[Records excerpted from a collection]
------------------------

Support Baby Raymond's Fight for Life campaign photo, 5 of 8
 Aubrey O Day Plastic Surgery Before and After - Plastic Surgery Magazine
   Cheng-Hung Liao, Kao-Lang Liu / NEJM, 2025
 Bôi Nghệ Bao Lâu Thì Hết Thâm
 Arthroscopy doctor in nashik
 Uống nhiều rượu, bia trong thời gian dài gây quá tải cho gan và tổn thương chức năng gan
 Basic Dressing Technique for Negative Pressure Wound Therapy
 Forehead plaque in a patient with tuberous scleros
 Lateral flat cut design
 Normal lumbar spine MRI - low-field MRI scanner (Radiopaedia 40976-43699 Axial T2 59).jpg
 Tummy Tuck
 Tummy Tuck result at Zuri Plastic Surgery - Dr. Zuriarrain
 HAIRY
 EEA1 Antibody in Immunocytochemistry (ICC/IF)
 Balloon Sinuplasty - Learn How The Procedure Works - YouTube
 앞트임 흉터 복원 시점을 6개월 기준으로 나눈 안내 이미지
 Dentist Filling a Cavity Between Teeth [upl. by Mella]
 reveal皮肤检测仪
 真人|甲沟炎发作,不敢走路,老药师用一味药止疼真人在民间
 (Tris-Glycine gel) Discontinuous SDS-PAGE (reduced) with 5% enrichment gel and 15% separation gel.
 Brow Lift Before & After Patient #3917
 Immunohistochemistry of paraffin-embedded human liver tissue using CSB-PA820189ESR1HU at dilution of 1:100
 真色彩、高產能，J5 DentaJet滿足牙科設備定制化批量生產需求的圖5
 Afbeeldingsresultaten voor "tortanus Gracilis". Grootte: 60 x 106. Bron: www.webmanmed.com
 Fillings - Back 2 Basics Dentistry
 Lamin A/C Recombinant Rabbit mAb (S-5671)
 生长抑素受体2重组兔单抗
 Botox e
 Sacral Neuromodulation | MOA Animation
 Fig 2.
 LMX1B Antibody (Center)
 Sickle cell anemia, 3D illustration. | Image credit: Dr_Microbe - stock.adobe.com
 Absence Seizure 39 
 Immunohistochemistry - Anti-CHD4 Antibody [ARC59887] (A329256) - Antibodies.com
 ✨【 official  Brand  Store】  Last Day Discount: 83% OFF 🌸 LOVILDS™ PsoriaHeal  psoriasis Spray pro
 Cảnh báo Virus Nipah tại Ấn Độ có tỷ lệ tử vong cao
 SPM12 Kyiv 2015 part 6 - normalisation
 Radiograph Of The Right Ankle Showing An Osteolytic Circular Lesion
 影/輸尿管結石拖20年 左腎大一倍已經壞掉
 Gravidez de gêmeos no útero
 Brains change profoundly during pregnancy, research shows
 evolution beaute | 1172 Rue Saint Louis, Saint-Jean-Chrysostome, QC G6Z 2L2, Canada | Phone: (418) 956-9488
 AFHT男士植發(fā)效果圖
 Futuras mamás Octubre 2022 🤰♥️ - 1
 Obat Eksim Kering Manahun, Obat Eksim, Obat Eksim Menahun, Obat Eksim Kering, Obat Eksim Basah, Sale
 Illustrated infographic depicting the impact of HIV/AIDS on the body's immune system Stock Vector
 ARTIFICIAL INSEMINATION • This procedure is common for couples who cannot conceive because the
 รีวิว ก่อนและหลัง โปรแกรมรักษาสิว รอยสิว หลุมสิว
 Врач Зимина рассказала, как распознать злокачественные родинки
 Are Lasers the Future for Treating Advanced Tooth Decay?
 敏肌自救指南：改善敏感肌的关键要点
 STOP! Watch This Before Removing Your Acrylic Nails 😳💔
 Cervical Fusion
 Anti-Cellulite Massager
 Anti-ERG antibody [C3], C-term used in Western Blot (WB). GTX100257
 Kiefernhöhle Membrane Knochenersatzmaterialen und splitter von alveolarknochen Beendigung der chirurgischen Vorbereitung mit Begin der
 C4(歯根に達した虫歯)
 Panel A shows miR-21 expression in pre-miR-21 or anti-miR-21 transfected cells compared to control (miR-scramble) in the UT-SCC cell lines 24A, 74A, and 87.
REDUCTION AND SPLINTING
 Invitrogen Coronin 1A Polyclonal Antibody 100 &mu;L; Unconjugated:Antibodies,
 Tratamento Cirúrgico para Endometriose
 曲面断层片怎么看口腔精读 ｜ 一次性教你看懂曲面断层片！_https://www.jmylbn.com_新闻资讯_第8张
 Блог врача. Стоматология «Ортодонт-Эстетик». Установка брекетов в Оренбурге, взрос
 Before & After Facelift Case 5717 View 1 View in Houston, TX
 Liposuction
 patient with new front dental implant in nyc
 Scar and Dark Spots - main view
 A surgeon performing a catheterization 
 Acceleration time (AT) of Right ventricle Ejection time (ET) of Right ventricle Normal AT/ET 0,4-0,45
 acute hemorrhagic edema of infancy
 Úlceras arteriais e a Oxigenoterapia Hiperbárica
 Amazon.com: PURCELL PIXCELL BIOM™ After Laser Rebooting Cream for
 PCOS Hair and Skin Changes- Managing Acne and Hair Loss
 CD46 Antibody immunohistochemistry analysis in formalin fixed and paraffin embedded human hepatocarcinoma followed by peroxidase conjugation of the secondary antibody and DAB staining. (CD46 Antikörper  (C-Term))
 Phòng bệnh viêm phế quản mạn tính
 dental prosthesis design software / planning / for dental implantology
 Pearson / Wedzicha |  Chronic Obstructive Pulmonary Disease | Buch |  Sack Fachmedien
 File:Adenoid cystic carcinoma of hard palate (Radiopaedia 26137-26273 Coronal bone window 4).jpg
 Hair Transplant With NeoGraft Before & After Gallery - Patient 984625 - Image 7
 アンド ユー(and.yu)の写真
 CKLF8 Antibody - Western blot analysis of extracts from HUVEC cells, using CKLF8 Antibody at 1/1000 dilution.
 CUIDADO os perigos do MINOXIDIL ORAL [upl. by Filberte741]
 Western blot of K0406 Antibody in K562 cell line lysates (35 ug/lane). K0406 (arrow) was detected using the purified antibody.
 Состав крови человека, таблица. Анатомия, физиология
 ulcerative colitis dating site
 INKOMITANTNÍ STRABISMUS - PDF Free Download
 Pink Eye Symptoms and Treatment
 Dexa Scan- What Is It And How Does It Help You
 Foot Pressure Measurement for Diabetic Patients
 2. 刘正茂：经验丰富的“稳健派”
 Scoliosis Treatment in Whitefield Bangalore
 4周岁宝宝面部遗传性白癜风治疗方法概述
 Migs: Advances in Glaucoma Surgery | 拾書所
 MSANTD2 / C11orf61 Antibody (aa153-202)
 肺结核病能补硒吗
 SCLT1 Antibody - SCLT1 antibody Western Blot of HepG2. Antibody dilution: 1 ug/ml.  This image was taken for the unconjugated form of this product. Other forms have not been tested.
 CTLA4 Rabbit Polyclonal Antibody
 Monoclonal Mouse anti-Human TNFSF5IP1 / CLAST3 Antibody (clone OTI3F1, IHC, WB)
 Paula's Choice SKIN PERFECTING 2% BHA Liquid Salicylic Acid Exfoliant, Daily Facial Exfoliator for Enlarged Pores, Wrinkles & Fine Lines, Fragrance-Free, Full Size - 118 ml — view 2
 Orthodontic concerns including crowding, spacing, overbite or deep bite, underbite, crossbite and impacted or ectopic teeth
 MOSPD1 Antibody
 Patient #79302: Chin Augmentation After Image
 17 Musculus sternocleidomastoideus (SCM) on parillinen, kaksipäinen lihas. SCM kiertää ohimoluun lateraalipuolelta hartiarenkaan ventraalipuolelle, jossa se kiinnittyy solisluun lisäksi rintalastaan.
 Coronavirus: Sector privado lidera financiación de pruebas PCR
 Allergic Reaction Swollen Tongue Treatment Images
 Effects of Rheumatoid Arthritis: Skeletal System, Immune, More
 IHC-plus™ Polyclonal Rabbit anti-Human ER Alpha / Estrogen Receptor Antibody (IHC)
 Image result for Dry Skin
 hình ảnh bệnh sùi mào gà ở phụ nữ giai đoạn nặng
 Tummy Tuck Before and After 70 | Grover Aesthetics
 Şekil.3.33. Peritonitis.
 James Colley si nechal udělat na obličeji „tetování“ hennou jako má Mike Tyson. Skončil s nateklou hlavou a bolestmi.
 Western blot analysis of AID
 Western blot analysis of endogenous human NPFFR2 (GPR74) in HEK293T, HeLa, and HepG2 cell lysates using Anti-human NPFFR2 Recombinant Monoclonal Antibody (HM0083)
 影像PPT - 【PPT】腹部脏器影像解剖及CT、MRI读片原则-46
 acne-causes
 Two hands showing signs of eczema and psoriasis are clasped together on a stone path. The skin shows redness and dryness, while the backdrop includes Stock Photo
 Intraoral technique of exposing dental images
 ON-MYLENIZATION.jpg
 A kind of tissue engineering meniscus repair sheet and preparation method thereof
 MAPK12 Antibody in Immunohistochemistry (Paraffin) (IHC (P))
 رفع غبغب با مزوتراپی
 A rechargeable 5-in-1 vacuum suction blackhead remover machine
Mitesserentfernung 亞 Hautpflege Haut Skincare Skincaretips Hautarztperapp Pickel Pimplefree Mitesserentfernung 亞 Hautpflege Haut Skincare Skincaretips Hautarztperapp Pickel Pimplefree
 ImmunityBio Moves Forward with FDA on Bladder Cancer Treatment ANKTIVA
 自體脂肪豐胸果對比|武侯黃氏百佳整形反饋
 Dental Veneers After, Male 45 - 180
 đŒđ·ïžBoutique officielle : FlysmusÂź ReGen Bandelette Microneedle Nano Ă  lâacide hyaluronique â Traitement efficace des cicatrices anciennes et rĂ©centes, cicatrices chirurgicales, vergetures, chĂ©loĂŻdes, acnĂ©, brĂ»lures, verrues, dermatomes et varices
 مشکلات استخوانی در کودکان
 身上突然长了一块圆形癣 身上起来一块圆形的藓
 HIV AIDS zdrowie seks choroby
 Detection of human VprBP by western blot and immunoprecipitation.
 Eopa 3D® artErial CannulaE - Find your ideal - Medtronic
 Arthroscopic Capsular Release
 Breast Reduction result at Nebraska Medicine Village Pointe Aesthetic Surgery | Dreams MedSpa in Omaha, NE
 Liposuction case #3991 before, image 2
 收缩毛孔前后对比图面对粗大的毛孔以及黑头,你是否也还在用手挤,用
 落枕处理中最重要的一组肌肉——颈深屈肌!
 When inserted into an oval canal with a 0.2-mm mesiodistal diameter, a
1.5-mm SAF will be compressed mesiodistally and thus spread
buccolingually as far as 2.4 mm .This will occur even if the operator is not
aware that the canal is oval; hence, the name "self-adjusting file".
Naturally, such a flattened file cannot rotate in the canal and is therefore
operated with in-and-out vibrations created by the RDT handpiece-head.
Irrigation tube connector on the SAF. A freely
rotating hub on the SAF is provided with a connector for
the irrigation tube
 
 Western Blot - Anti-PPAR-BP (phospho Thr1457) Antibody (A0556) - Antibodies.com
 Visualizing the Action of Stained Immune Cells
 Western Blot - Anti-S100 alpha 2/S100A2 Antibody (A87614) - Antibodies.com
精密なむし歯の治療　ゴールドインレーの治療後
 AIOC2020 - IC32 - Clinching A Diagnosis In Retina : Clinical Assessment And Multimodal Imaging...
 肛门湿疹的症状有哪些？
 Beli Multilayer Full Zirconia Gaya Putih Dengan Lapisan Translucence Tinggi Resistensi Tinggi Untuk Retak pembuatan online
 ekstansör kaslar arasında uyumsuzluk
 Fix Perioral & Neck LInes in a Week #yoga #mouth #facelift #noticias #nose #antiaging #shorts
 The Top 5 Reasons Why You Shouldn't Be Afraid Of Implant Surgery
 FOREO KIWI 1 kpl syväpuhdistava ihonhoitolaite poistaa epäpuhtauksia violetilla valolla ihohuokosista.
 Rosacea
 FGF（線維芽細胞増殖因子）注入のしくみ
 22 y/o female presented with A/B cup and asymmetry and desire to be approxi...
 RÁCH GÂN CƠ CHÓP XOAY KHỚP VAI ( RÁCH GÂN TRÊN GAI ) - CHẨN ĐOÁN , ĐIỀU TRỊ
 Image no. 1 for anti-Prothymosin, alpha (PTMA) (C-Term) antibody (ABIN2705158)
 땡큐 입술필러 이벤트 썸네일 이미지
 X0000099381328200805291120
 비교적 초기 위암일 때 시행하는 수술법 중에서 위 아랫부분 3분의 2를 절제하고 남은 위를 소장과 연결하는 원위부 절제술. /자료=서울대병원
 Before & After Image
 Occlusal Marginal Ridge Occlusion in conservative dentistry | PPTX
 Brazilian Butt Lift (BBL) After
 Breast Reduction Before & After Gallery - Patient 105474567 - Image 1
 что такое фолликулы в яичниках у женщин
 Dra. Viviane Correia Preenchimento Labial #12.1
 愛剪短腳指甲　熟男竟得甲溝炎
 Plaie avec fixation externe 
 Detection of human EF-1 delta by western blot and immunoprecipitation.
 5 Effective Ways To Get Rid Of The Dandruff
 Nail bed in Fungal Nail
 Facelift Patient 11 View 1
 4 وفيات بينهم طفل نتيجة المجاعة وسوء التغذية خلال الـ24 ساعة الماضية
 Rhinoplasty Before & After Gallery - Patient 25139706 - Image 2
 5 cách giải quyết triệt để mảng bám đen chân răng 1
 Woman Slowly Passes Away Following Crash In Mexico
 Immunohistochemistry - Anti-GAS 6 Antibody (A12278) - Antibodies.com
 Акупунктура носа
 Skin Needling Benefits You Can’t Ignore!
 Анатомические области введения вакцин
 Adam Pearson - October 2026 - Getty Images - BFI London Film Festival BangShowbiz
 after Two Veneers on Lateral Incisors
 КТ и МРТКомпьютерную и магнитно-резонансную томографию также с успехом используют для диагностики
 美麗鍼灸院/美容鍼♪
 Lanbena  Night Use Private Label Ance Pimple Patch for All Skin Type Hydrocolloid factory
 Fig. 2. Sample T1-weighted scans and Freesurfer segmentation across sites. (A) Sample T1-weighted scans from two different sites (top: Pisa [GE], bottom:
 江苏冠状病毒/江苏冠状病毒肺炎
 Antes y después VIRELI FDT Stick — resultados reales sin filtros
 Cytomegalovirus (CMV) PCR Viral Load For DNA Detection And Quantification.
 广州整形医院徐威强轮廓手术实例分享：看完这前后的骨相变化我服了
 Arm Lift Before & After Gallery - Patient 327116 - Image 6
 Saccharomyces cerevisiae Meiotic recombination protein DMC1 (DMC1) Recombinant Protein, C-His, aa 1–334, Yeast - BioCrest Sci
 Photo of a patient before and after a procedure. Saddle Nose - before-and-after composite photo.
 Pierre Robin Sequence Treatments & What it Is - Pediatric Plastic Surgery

------------------------

▶ **WORK TO COMPLETE**
Begin with the first line of the records and reproduce each line as is, ending with the line that holds "真人|甲沟炎发作,不敢走路,老药师用一味药止疼真人在民间".

▶ **RESULT**
Support Baby Raymond's Fight for Life campaign photo, 5 of 8
 Aubrey O Day Plastic Surgery Before and After - Plastic Surgery Magazine
   Cheng-Hung Liao, Kao-Lang Liu / NEJM, 2025
 Bôi Nghệ Bao Lâu Thì Hết Thâm
 Arthroscopy doctor in nashik
 Uống nhiều rượu, bia trong thời gian dài gây quá tải cho gan và tổn thương chức năng gan
 Basic Dressing Technique for Negative Pressure Wound Therapy
 Forehead plaque in a patient with tuberous scleros
 Lateral flat cut design
 Normal lumbar spine MRI - low-field MRI scanner (Radiopaedia 40976-43699 Axial T2 59).jpg
 Tummy Tuck
 Tummy Tuck result at Zuri Plastic Surgery - Dr. Zuriarrain
 HAIRY
 EEA1 Antibody in Immunocytochemistry (ICC/IF)
 Balloon Sinuplasty - Learn How The Procedure Works - YouTube
 앞트임 흉터 복원 시점을 6개월 기준으로 나눈 안내 이미지
 Dentist Filling a Cavity Between Teeth [upl. by Mella]
 reveal皮肤检测仪
 真人|甲沟炎发作,不敢走路,老药师用一味药止疼真人在民间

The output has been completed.